## Task requirements
Output the data below only from the line containing "Walking on Sunshine - acrylic" up to and including the line containing "Gancio per ghirlanda", exact and with the pictures left out.

## Extracted records
****
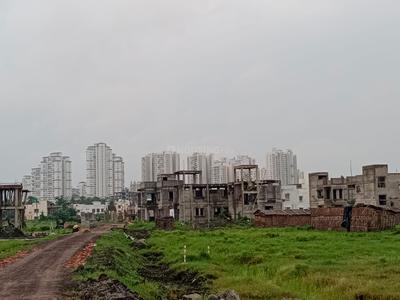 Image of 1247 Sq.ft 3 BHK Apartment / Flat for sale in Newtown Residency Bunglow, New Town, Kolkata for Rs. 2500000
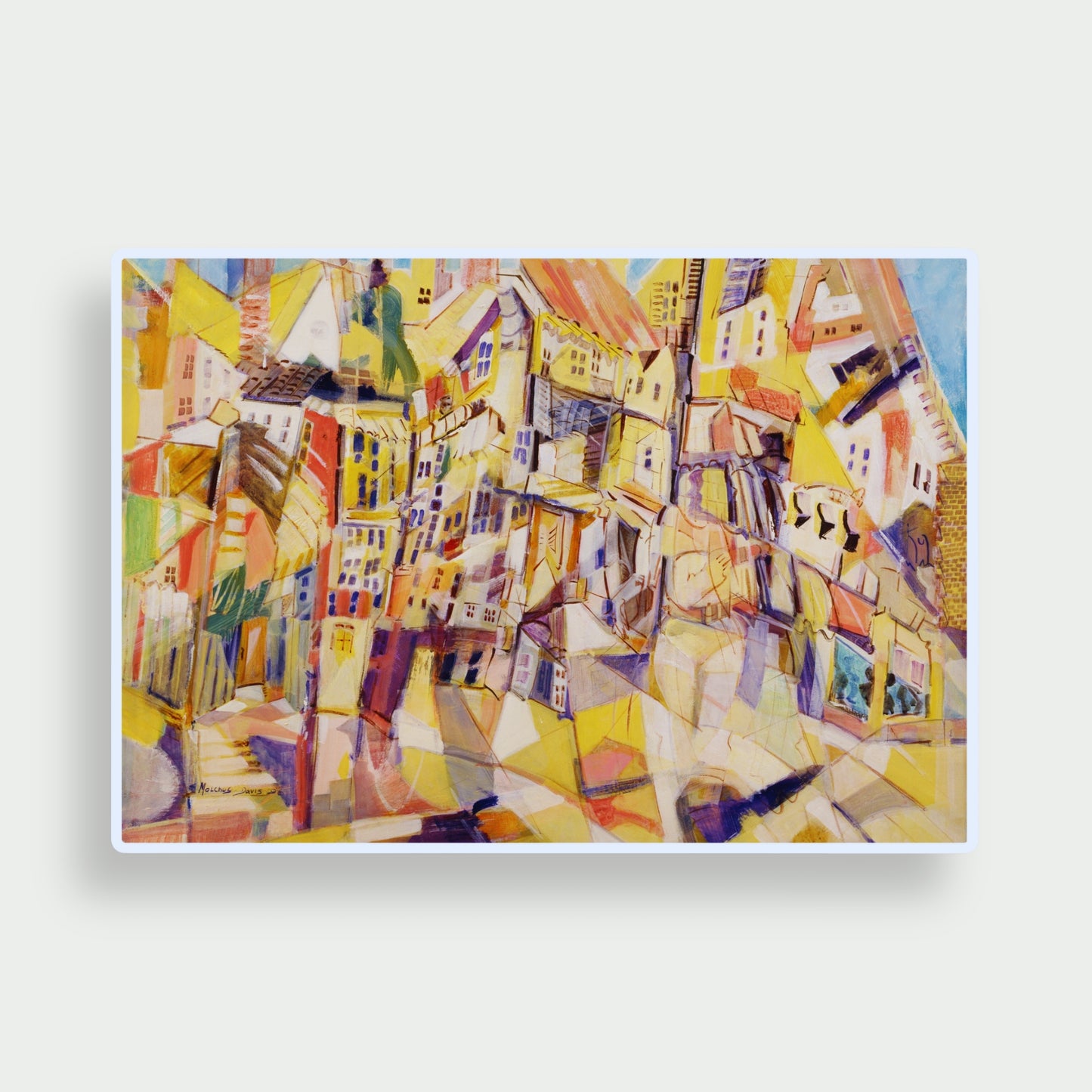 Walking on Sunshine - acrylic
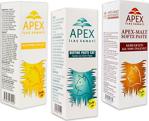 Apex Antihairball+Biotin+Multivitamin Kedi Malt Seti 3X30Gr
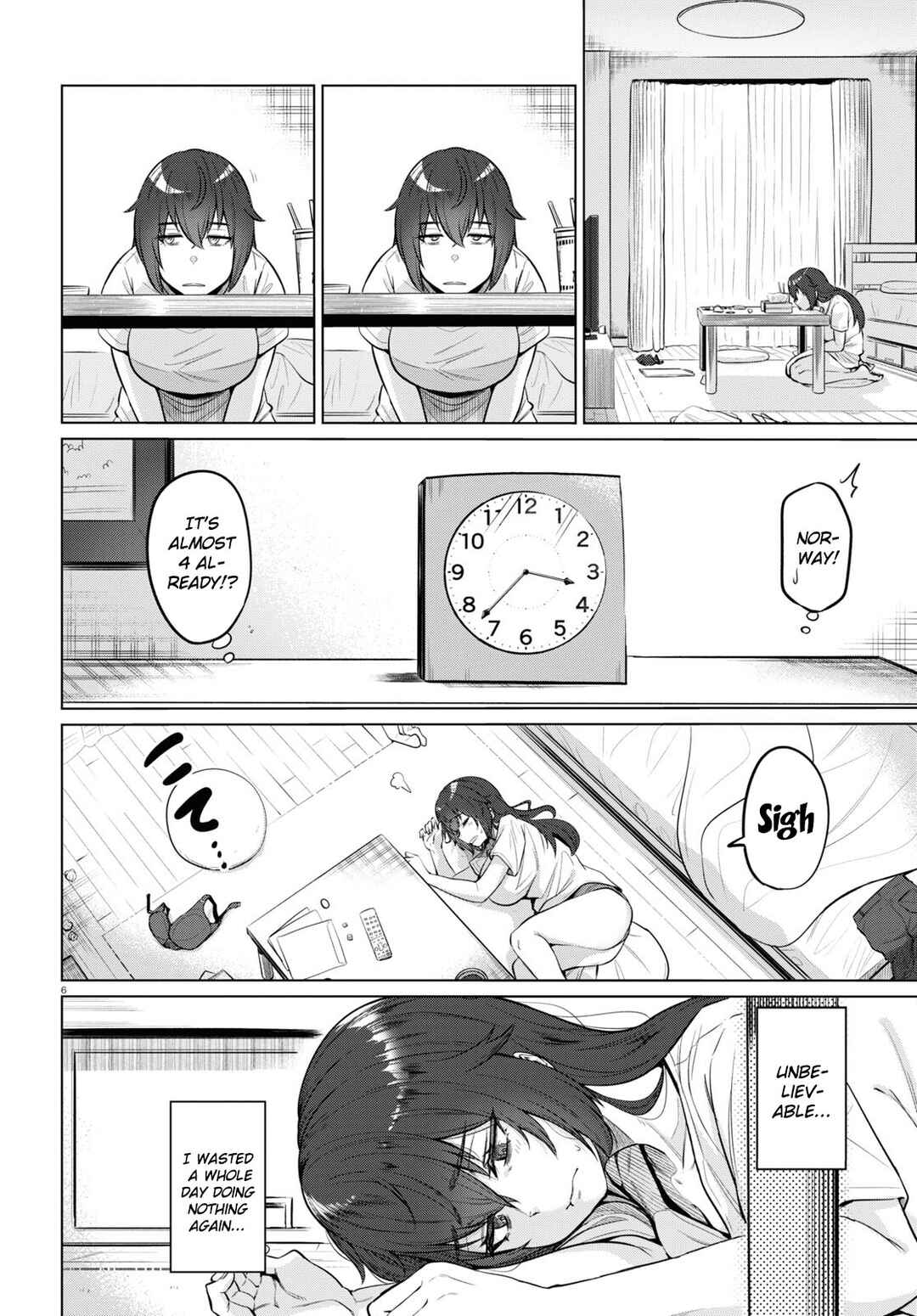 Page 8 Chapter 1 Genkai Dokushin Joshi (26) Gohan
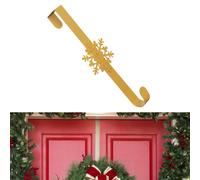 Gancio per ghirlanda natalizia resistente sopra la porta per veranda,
****
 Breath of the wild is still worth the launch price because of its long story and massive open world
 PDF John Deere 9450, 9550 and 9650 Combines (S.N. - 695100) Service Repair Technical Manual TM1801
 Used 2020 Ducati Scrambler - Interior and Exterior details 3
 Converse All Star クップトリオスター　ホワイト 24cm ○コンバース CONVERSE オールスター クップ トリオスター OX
****
## Task response
 Walking on Sunshine - acrylic
 Apex Antihairball+Biotin+Multivitamin Kedi Malt Seti 3X30Gr
 Page 8 Chapter 1 Genkai Dokushin Joshi (26) Gohan
 Gancio per ghirlanda natalizia resistente sopra la porta per veranda,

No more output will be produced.